Over the last decade, storage arrays have been evolving to becomes faster and protect data better. They have become smarter with where and how data is stored and how to predict when data will be accessed. However one thing has not, by and large, changed. Storage arrays haven’t learned much about what data is actually stored on them. In the last year, this has begun to, in part, change. A few companies now have products which provide some type of data awareness, but they aren’t created equal. Content awareness is nothing new. However, it has mostly existed for legal and compliance separate from the storage array.
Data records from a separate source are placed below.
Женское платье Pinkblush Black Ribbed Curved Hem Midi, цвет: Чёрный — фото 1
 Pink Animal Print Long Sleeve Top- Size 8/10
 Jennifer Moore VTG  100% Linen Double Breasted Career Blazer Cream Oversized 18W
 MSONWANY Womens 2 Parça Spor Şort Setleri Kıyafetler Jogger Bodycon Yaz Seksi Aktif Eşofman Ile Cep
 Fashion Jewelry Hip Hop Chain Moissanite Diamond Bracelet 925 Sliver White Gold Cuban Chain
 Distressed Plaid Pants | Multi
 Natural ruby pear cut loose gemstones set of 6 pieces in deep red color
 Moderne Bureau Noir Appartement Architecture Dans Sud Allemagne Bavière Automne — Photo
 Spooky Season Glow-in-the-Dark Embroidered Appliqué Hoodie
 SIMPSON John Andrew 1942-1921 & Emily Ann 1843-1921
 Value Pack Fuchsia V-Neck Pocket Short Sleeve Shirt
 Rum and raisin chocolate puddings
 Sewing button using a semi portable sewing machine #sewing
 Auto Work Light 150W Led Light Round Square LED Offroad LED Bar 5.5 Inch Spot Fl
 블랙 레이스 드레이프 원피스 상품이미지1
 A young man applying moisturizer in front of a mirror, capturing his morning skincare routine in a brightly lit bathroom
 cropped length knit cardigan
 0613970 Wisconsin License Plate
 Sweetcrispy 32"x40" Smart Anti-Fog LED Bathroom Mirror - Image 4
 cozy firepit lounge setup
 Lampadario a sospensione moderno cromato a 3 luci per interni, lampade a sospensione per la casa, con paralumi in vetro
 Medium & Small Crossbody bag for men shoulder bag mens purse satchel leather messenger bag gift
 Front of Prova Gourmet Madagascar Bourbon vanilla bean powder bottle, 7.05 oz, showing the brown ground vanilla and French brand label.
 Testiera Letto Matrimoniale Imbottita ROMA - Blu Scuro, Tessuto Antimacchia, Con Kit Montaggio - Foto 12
Today I attended Storage Field Day 8 and had a chance to meet with Andy Warfield of Coho Data and I saw a different take on this. A few months ago I saw Coho Data start talking about running containers directly on their storage array. I dismissed this mostly edge cases and largely not needed, but today I thought differently. What does this have to do with content awareness? Hang with me for just a minute and I think it will all become clear. Andy showed us a simple demo of a container running on the array that had some simple code. All the software did was convert an image from color to greyscale. On a Windows VM with access to Coho Data storage, a full-color image was dropped into a folder. Instantly the software running on the container kicked in and converted the image to greyscale. The windows VM had direct access to both images now.
So this use case is pretty lame, but the possibilities around this are awesome. By having this type of direct access to the data can enable things like virus scanning, data loss prevention, and other workflows. A classic example of an enterprise is an application writes data to a network share. Every 5 or 10 minutes another application scans that location looking for the file and when found it takes action. This whole workflow is filled with artificial delays.
This type of ability to view the content is poised to change how businesses think about data storage. By having direct access to data using APIs and protocol access workflows like this. Also, it opens up external software to do all sorts of cool and interesting things like data protection and other custom workflows. I’m not sure that running generalize software on a storage array is overly useful, but some uses cases it is a huge benefit. I’m excited to see how Coho Data develops a partner network who can make use of this hook.